The user tools being sold as developer tools is a pain in my butt. Orgs see that sales pitch and it devalues the developer, disparages them. The Org starts believing they can throw these tools at us and get their requirements met faster and with fewer issues. "Look, even the accountant can make this cool thing!" Then the non-trivial requirements roll in. Suddenly the tool's limits have been found. The accountant can no longer maintain their solution in the fancy tool. The developer is now handed a steaming pile to fix in production because the rigours of the development process were never thought of before now.
The fancy tool soon finds its true place: proof of concept development or limited functionality.

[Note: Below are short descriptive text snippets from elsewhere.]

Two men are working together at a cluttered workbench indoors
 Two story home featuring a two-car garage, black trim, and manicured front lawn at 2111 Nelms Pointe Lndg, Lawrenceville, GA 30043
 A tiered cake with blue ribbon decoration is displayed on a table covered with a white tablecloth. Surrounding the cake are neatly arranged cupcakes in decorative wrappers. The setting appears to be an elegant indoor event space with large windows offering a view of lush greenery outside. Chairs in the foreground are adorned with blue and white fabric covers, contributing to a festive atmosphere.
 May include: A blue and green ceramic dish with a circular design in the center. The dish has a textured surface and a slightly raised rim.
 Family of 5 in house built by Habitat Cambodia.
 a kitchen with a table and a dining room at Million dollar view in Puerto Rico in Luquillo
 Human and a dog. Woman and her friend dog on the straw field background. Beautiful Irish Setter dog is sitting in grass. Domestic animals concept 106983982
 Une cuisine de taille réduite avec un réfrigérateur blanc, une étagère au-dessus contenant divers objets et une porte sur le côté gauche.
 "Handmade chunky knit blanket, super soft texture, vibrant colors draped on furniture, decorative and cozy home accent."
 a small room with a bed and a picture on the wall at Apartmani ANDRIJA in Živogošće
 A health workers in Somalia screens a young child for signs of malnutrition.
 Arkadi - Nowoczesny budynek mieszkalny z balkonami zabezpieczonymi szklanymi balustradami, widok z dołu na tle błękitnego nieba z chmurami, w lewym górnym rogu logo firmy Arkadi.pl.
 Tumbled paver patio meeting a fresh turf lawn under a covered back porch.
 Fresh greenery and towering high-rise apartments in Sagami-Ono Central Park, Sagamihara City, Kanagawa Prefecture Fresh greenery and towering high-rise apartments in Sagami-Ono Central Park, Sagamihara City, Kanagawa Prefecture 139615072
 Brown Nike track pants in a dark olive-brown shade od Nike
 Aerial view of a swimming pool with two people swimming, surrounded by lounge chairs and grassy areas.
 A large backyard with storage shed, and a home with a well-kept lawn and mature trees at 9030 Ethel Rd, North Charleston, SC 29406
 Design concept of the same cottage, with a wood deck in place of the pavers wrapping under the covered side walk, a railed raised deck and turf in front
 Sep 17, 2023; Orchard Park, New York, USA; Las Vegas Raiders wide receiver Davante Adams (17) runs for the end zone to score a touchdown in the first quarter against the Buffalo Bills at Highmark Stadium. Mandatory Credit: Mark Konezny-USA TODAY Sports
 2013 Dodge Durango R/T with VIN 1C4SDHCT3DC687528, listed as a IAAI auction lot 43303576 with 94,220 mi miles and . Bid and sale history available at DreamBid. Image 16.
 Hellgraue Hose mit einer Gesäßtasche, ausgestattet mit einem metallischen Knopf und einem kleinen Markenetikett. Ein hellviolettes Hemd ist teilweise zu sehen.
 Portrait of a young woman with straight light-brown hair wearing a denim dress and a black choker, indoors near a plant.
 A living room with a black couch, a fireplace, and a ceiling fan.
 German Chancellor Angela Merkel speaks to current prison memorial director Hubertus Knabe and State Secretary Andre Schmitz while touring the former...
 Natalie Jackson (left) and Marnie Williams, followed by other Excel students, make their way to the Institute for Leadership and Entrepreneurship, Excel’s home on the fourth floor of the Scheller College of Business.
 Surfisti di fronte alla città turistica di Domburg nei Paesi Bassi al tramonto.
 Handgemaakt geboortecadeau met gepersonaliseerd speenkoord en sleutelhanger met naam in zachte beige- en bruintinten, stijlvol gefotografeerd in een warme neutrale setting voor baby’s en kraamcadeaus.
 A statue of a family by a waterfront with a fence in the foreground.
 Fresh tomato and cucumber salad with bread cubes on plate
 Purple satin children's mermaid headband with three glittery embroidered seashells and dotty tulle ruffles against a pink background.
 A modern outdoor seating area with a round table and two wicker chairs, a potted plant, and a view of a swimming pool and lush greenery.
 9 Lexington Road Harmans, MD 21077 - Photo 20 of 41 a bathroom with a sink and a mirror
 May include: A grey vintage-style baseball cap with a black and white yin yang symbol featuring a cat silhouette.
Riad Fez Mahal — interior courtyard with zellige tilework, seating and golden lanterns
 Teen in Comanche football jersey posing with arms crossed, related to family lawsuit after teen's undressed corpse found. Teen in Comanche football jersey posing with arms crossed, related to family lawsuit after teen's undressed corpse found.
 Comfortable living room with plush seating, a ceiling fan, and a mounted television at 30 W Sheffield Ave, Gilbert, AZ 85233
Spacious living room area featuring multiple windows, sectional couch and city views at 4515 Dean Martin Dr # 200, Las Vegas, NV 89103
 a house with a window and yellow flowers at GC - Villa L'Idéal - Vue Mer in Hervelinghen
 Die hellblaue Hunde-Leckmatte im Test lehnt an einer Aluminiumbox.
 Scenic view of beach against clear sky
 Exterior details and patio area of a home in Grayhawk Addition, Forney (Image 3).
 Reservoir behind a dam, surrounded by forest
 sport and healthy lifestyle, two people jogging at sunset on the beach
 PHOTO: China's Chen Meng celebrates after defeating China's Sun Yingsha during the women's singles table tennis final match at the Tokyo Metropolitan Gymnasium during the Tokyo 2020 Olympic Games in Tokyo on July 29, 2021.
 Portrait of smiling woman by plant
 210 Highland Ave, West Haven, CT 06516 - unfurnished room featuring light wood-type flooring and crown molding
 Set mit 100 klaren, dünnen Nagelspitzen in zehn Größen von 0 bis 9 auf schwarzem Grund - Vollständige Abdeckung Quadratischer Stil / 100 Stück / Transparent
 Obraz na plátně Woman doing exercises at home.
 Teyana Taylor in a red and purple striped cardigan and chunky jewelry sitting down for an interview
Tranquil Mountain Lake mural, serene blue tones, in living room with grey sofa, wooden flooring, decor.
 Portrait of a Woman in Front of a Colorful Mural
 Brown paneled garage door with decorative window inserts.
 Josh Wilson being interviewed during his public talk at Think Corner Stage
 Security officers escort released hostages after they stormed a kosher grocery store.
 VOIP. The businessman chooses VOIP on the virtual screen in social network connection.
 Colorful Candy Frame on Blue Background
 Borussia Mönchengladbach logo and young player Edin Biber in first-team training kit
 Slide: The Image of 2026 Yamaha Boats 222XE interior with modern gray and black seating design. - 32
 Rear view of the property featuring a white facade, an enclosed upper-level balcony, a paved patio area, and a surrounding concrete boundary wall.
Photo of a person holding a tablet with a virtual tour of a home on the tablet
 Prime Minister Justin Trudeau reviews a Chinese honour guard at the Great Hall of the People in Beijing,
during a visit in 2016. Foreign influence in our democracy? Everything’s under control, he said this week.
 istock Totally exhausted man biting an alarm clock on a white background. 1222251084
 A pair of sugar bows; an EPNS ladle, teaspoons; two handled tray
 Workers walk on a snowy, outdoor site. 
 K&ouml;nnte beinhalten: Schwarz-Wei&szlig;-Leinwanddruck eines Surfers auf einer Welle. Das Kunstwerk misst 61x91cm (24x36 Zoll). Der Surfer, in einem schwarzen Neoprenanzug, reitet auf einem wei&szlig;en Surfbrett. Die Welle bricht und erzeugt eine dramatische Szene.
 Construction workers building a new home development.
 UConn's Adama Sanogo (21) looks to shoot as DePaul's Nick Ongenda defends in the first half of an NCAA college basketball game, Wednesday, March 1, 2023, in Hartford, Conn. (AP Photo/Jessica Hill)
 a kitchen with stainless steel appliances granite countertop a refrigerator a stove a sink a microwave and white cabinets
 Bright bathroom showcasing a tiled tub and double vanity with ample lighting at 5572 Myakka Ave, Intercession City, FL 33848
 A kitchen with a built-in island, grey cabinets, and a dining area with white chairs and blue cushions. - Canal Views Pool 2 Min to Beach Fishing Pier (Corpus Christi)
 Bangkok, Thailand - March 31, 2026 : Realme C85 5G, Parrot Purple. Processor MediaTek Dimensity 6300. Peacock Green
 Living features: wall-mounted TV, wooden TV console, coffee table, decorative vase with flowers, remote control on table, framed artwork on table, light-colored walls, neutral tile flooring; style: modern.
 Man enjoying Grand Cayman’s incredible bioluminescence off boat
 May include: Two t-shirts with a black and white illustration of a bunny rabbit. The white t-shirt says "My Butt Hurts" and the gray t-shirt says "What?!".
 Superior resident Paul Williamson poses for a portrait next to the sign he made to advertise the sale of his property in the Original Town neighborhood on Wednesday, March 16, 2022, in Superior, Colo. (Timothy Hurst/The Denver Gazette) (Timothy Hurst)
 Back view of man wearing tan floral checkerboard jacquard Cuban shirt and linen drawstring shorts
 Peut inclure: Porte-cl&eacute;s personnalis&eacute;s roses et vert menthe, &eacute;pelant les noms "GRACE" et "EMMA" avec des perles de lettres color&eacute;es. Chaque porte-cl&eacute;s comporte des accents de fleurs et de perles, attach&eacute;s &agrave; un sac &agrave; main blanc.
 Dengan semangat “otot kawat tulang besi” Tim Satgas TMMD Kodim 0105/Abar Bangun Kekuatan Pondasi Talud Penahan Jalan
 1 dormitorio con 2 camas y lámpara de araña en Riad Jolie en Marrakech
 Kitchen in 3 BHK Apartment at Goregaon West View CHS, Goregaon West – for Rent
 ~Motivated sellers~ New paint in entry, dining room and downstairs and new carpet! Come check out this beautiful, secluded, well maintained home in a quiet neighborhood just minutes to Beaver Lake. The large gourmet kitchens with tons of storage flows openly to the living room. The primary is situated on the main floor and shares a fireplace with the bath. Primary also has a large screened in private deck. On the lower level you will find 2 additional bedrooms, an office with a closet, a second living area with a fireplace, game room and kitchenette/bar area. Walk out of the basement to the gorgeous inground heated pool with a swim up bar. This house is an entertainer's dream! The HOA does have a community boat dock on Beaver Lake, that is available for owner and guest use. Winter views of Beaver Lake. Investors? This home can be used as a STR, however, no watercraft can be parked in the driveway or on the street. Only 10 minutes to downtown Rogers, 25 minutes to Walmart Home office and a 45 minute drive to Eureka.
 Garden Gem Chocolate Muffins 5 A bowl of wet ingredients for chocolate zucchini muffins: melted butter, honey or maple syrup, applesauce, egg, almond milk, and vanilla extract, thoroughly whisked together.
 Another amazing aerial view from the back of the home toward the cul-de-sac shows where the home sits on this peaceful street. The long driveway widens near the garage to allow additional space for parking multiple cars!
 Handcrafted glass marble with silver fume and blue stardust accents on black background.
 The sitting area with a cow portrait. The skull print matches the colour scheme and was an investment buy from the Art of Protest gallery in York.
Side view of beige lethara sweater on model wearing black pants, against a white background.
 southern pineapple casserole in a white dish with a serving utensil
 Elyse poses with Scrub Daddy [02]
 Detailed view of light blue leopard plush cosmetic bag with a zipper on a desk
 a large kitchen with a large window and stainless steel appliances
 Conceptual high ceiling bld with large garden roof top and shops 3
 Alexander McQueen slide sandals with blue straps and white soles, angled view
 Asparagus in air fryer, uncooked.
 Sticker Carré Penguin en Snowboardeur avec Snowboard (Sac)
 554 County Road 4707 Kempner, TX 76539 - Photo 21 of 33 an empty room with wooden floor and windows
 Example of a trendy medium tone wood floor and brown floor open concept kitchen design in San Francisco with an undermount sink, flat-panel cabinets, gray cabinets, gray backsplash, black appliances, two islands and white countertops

Maybe it is a cog in the greater solution that is finally built after the software development process actually happens, if the tool has the hooks needed.
I've seen so many low/no code tools come in as a saviour only to be gone once it's discovered how hard it is to add a loop to that fancy process manager you were sold for $100K/year. (I'm looking at you IBM) Yes personal experience: I took 3-6 months to write up a replacement BPM that saved us the $100K/y not counting internal and external support time. We did not need the fancy gui so the project managers could drag and drop steps into swim lanes. We had that in Visio, where they described the process and handed the diagram off to the dev to build the process.
AI in the world of assistive coding appears to be an overly ambitious text completion engine with strong opinions born from unknowable sources. Do not trust generated code always review it.
Not completely. Someone has to code the no-code/low-code solutions :)
AI is good and it will get better, but it will never replace/duplicate the human imagination. And that is where true innovation happens.
Happy Coding
Ai is human imagination too. I think Ai will never surpass the human imagination boundary. Ai will be better at every scale.
These tools will still have to be coded, deployed and run.